At the age of 18, Ben Patel traveled from Madison, GA, to India, where he was born. The extreme poverty he witnessed during his month in India changed the trajectory of his life, and in the process, the lives of many who live in the rural Georgia town he’s called home since he was seven years old.
As the owner of B.I. Production Works, a transportation company that serves film and television productions throughout Georgia, Ben is committed to creating long-term, stable jobs in Madison. In the last U.S. Census, the population of the town barely hit 4,000.
“We’re bringing dreams to families who couldn’t ever envision this type of success,” says Ben, now a 33-year-old father of two. “There are certainly jobs in Madison, but many of those jobs have been taken for years. We’re creating new opportunities that make dreams come true.”
Ben credits his introduction to Georgia’s film and TV production industry — and his entrepreneurial spirit — to his long-time mentor, Paul Paschal, who owned a dry-cleaning business in Madison that employed Ben’s parents. As a teen, Ben also worked there, and witnessed the dry cleaner’s business boom with wardrobe cleaning for productions such as “Driving Miss Daisy,” “In the Heat of the Night,” and “We Are Marshall.”

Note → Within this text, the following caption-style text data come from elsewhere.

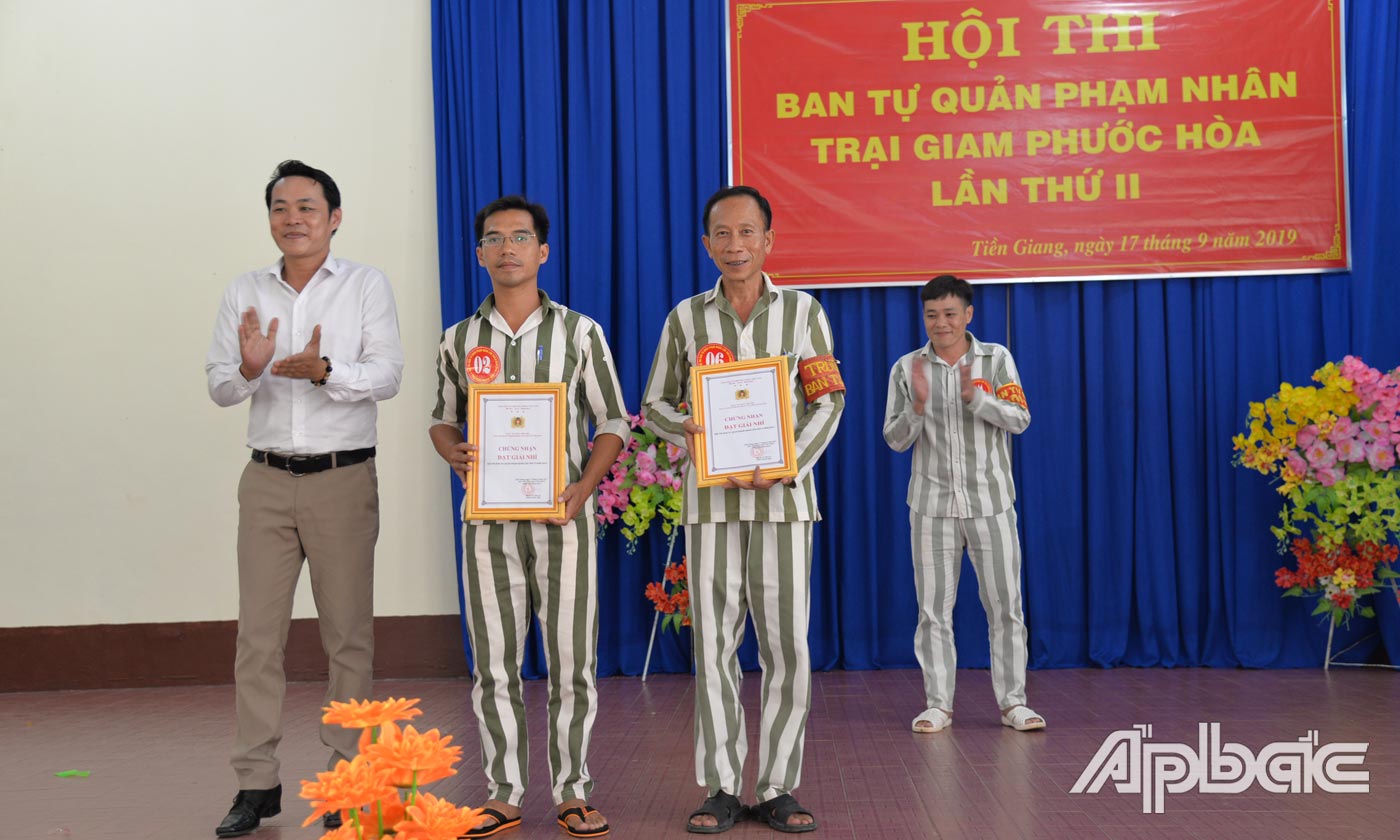 Trao giải cho các thí sinh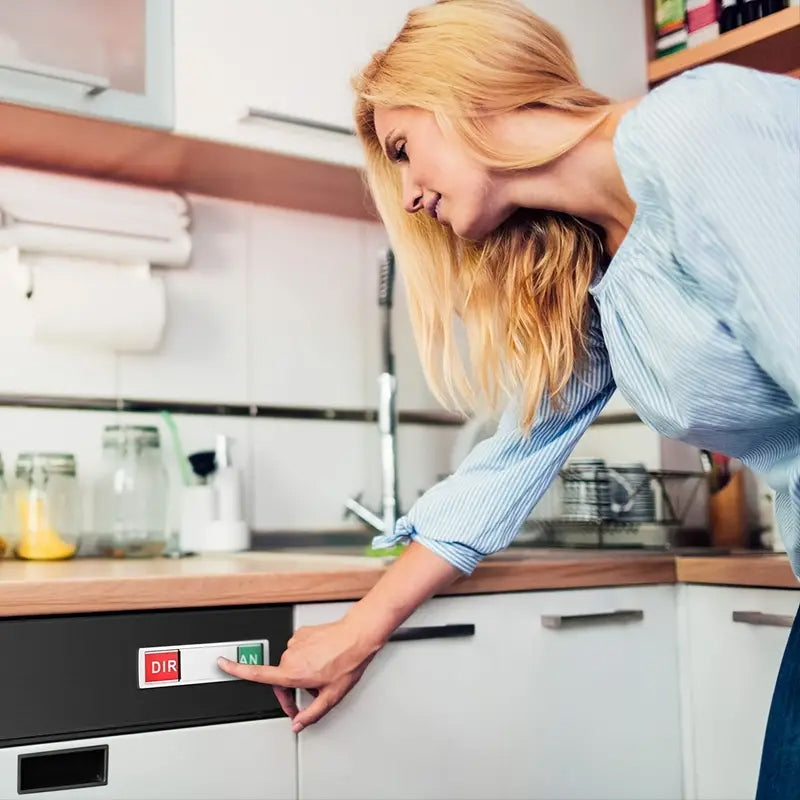 "Magnetisk diskmaskinsskylt, ren/smutsig indikator, elegant design, kontrastfärger, svart/vit, smart kökstillägg."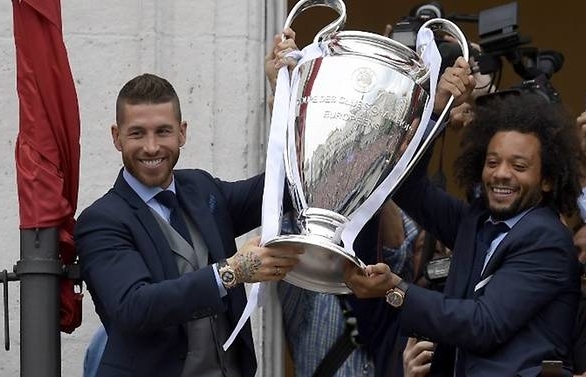 real madrid parade champions league trophy in front of ecstatic fans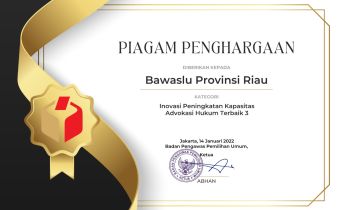 Bawaslu Riau Raih Peringkat III Advokasi Hukum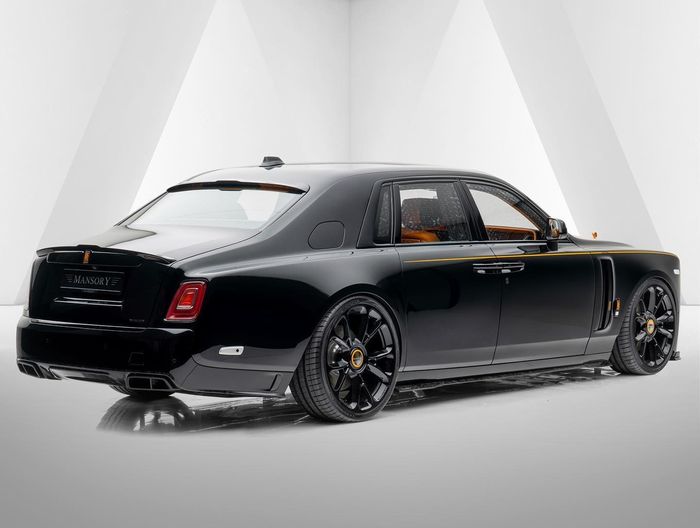 Modifikasi Rolls-Royce Phantom pakai pelek Y-Spoke seri DX5 ukuran 24 inci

It was while delivering wardrobe to EUE/Screen Gems Atlanta, then hosting “Hunger Games,” that Ben looked around and saw the opportunity for a transportation company serving productions. Today, his dry-cleaning days are behind him, and he’s staked his future on B.I. Productions. It’s a move that pushed his family out of poverty, and allowed him to more than triple his business income.
And it allowed him to hire even more residents of Madison.
“This small rural town is full of tradesman,” says Ben, who employees about 25 Madison residents. “I’m putting the vision on the table, and they are bringing the skills together to make it work.
“I took the idea of the American dream, and I made it possible for me. And I’m committed to making it real for others, too.”